▶ [Task goal] With the pictures removed, please write out every line below exactly as given.
BEGIN The data
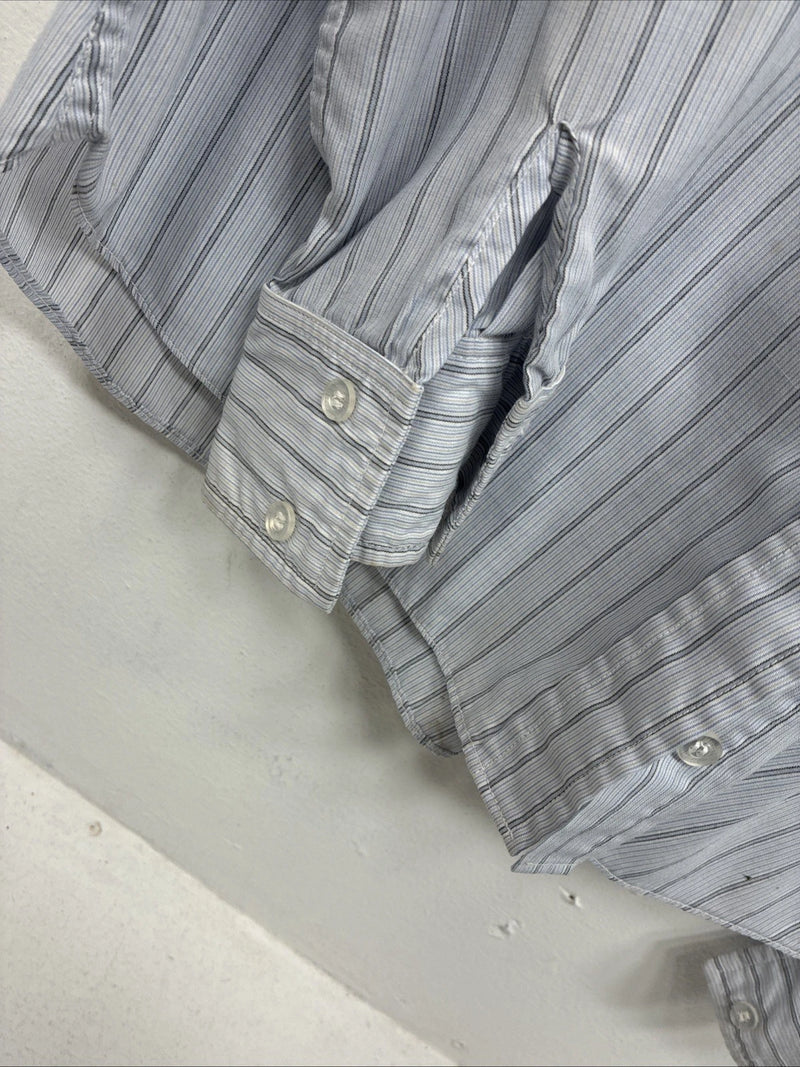 New Women’s Forego Blue Stripe Long Sleeve Button Up Size 36 LL-31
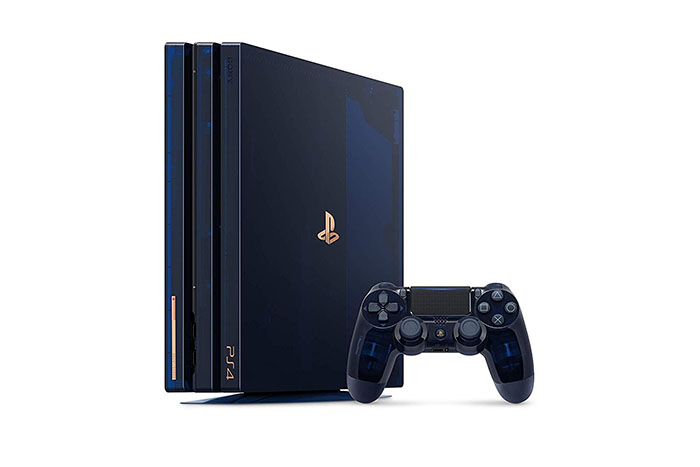 限时2件3折索尼 日版 PS4 Pro 5亿台纪念限定版主机 深蓝透明 日本直邮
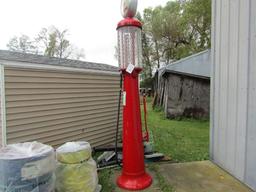 Restored Visible Gas Pump with Deep Rock Super Gasoline Globe, Pump is Beli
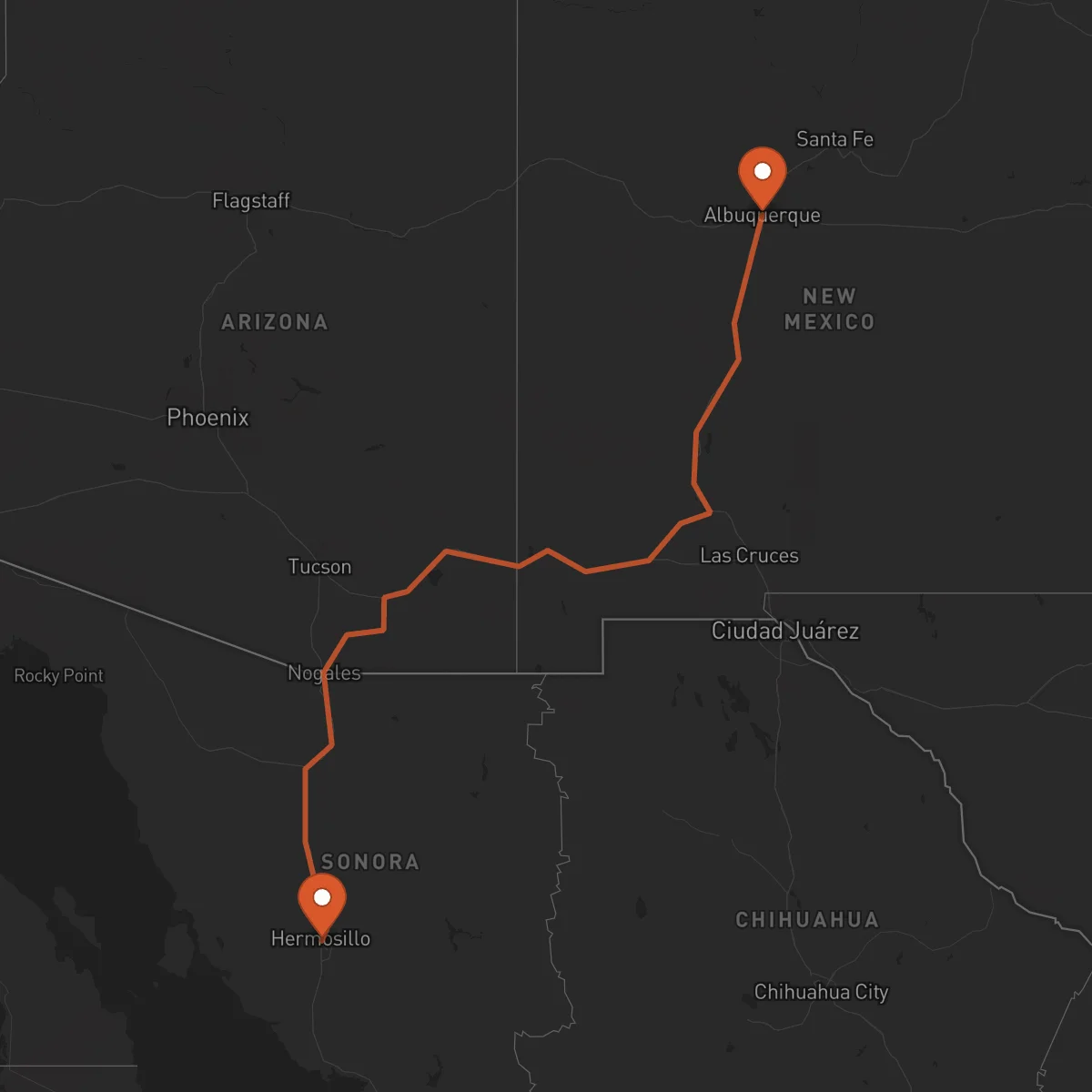 Ruta Hermosillo - Albuquerque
END The data
▶ [Reply]
 New Women’s Forego Blue Stripe Long Sleeve Button Up Size 36 LL-31
 限时2件3折索尼 日版 PS4 Pro 5亿台纪念限定版主机 深蓝透明 日本直邮
 Restored Visible Gas Pump with Deep Rock Super Gasoline Globe, Pump is Beli
 Ruta Hermosillo - Albuquerque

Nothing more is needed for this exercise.